[Input data]

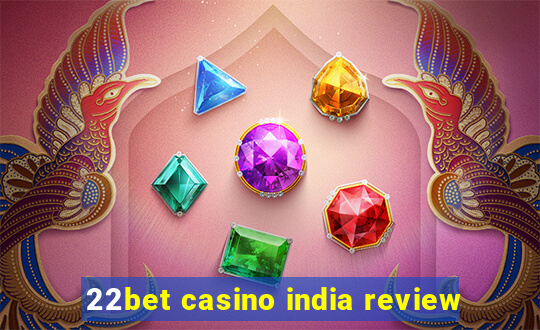 22bet casino india review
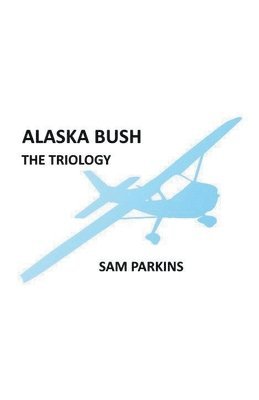 Alaska Bush The Trilogy 1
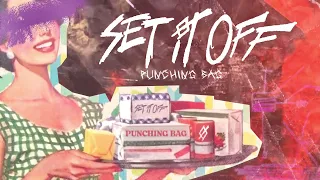 Set It Off - "Punching Bag"
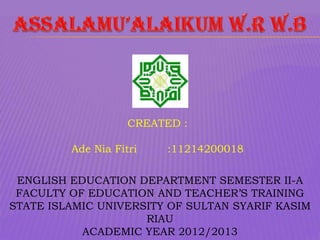 CREATED :

         Ade Nia Fitri   :11214200018

 ENGLISH EDUCATION DEPARTMENT SEMESTER II-A
 FACULTY OF EDUCATION AND TEACHER’S TRAINING
STATE ISLAMIC UNIVERSITY OF SULTAN SYARIF KASIM
                     RIAU
           ACADEMIC YEAR 2012/2013
 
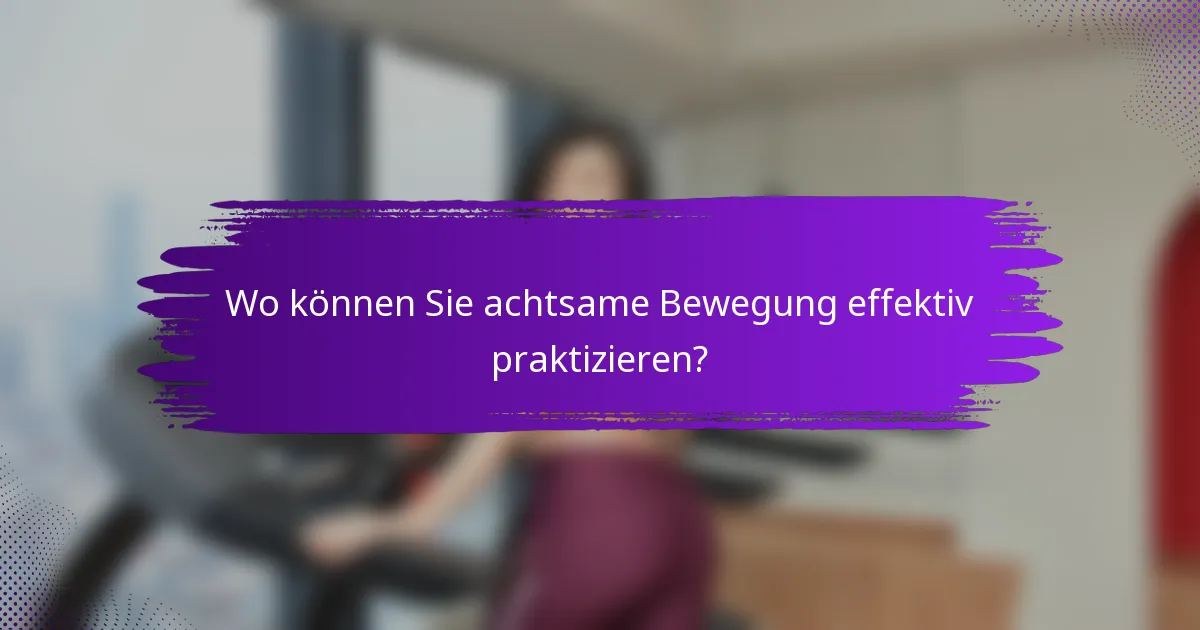 Wo können Sie achtsame Bewegung effektiv praktizieren?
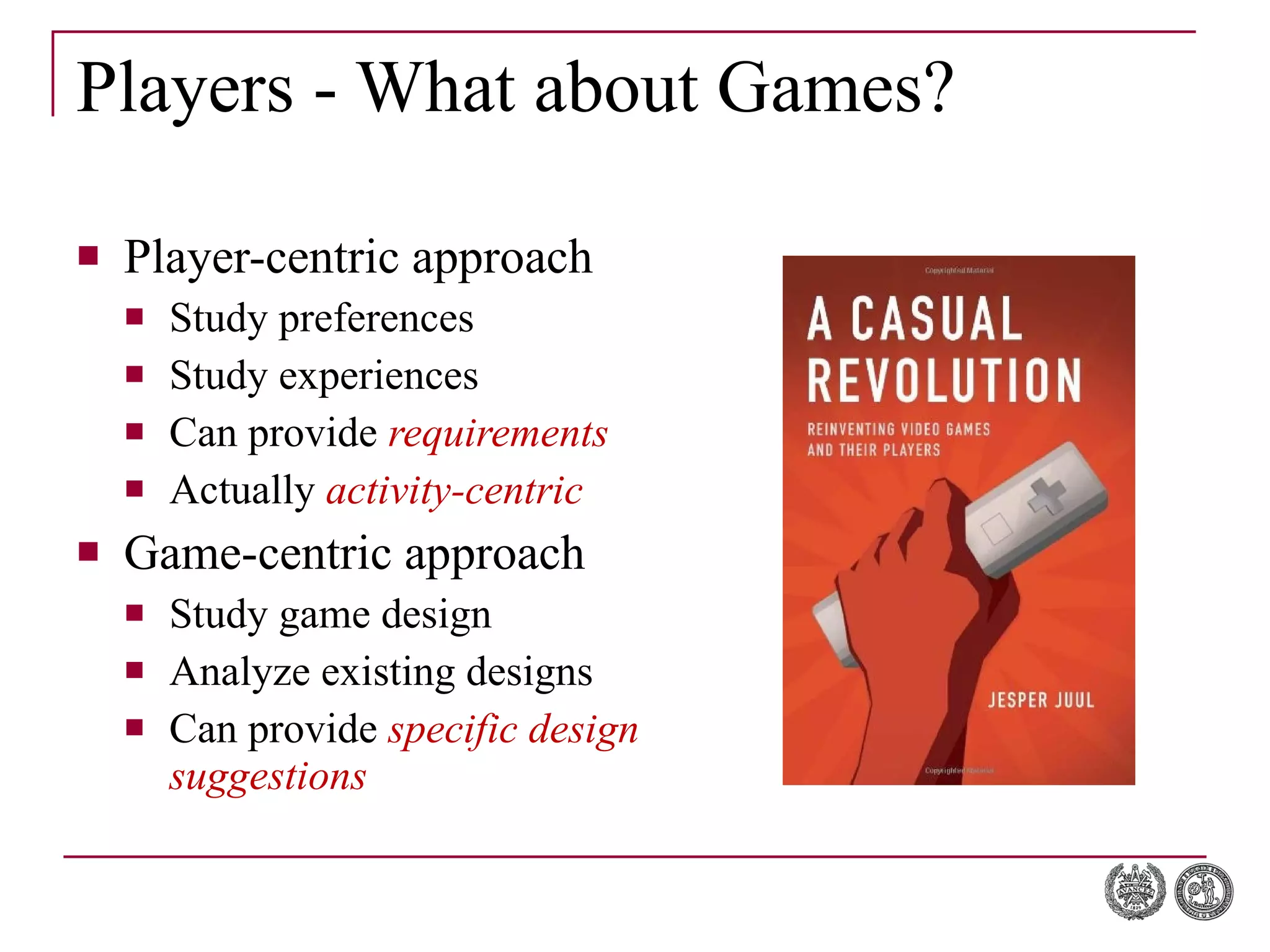 Players - What about Games? Player-centric approach Study preferences Study experiences Can provide  requirements Actually  activity-centric Game-centric approach Study game design Analyze existing designs Can provide  specific design suggestions 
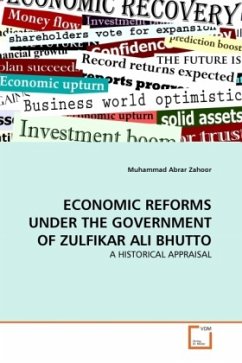 ECONOMIC REFORMS UNDER THE GOVERNMENT OF ZULFIKAR ALI BHUTTO - Zahoor, Muhammad Abr.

[/Input data]

What is expected:
Repeat the records in full, exactly as they appear, but with the pictures removed.

Answer for this exercise:
 22bet casino india review
 Alaska Bush The Trilogy 1
 Set It Off - "Punching Bag"
 CREATED :

         Ade Nia Fitri   :11214200018

 ENGLISH EDUCATION DEPARTMENT SEMESTER II-A
 FACULTY OF EDUCATION AND TEACHER’S TRAINING
STATE ISLAMIC UNIVERSITY OF SULTAN SYARIF KASIM
                     RIAU
           ACADEMIC YEAR 2012/2013
 
 Wo können Sie achtsame Bewegung effektiv praktizieren?
 Players - What about Games? Player-centric approach Study preferences Study experiences Can provide  requirements Actually  activity-centric Game-centric approach Study game design Analyze existing designs Can provide  specific design suggestions 
 ECONOMIC REFORMS UNDER THE GOVERNMENT OF ZULFIKAR ALI BHUTTO - Zahoor, Muhammad Abr.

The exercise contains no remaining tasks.